В 1960‑е годы, несмотря на то что многое было опробовано («Бег» ставили как психологическую драму и романтико-героический спектакль, сатирический фарс и трагикомедию), «сны» все еще рассматривались режиссурой в качестве поэтической метафоры, а не как важнейший структурный элемент драмы. В результате спектакли рассыпались, привнося всякий раз нечто ценное в общий накапливающийся опыт создающегося театра Булгакова, но не одерживая безусловной победы.

Критика отзывалась привычными клише. Заголовки рецензий: «Бег в пустоту», «Бег никуда», «Бег в темноту», «Бег в пропасть», «Путь в бездну», «Трагедия отступников», «Куда они бежали», «Перед судом истории» и проч.

«Ножницы» в оценках и пьесы, и спектакля ермоловцев останутся в газетно-журнальных архивах. Если Л. Н. Коган в рецензии на гастроли Московского театра им. М. Н. Ермоловой в Свердловске писал: «Бег» – сатирическая пьеса, открывающая зрителю галерею «мерзких теней навсегда ушедшей в прошлое царской России»1011, то Б. Емельянов на страницах журнала «Театр»1012 размышлял о глубоких стилевых связях «Бега» с гоголевской фантасмагорией и чеховским трагифарсом, сплавленными с исторической точностью булгаковской пьесы.

С середины 1960‑х «Бег» будет поставлен десятки раз. Он ознаменует собой начало разговора об эмиграции первой волны, о белогвардейцах, преданных родине, и исчерпанности «белой идеи». Пьеса заставит задуматься о неготовности частного человека, интеллигентного приват-доцента Голубкова к осознанному выбору собственной судьбы. Но то, что открылось в пьесе в середине 1960‑х, не удержалось в сценических работах следующего десятилетия. Оттепель окончилась.
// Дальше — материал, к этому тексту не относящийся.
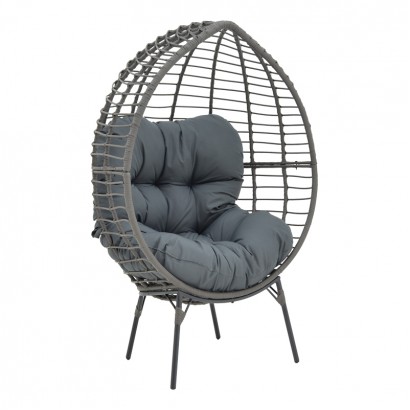Πολυθρόνα Nestie pakoworld wicker rattan γκρι-μεταλλικό γκρι πόδι-γκρι μαξιλάρι 102x80x155εκ Πολυθρόνα Nestie pakoworld wicker rattan γκρι-μεταλλικό γκρι πόδι-γκρι μαξιλάρι 102x80x155εκ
Социальная диагностика 1970‑хДьявол как спасение?

С начала 1970‑х годов характер литературоведческих исследований менялся. Все большее количество как изданий произведений Булгакова, так и разнообразных архивных документов, мемуарных страниц попадало в поле зрения литературоведов. Обзорность первого периода исчезала, уступая место движению вглубь материала.

Все происходило одновременно: и публикация все новых, неизвестных прежде булгаковских текстов, и установление литературных связей прозаика 1920–1930‑х годов с большой русской литературой XIX века, и выявление и анализ ключевых тем и образов писателя, отыскивались переклички, реминисценции и проч.

Уже говорилось, что основные истоки творчества Булгакова были названы сразу. При новом обращении к прессе 1920‑х годов (произошедшем лишь в 1970–1980‑е) выяснилось, что современники, которые, по привычному клише, должны были «не понимать» писателя, оценивали его вполне адекватно. Уже тогда были отмечены связи булгаковских произведений с Толстым и Достоевским, Гоголем и Салтыковым-Щедриным1013. Другое дело, что связи эти, как и следование традициям классической русской литературы, часто расценивались тогда со знаком минус: в этом уличали. Но тем не менее взгляд современников в литературно-критических отзывах был и внимателен, и точен.